In ‘Great Expectations’ Dickens’ language and narrative techniques are very simple and effective. Dickens is famous for his use of language to describe people, places and features of landscapes. Dickens is very good at generating a visual image in the reader’s mind of what is being described. For example when Pip makes a visit to Satis House just before Miss Havisham’s death, there is a vivid description of the area he walks through.
Dickens uses gloomy and saddening sentences like ‘the swell of the old organ was borne to my ears like funeral music’ (Ch.10 p.390). A sentence like this injects an atmosphere into the readers of the decay and ending of life which all builds up to such an event; the death of Miss Havisham. Also, Charles Dickens’ use of language to create characters is an important aspect of his writing. The names of Charles Dickens’ characters give an idea of their character. This is known as characternym and is used with almost all the characters in the novel. For example, the name Jaggers. This gives the impression of a strong willed man who is not to be crossed. Pumblechook: this sounds like someone who is full of his own importance and is rather foolish. Characternym is good because it makes it easy to associate a character with their personality and it gives a quick impression of what they are like.
Towards the end of novel Pip begins to learn about the most important things in his character: selflessness, humility and compassion. He learns this through the arrival of Magwitch and the reality of who his benefactor is. He demonstrates the significant change in him when Biddy asks him about his obsession with Estella. He tells her that ‘that poor dream, as I once used to call it; has all gone by, Biddy, all done by!’ (Ch. 19 p.476). When Pip agrees to help Magwitch his character begins a gradual change. He stands by Magwitch and visits him in prison and even helps him escape from London. This shows warmth in his character and dedication to a man whom he owes so much. However, Pip realises that he cannot be happy living as a gentleman and believes that he would like to return to the forge and settle down with Biddy.

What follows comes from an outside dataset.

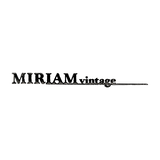 MIRIAM vintage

To conclude, Pip is continuously learning about life and it is obvious to see a strong development in his character. His childhood innocence and satisfactory way of living is shattered by his visits to Satis house. He drifts away from his roots at the forge and experiences a luxury way of living whilst staying in the centre of London. However, he comes to recognize the importance of family and realises that he cannot escape his humble background. He learns what it is like to live his dreams and ambitions and experiences the rises and falls of a high status life. And most importantly, he learns what it means to be human.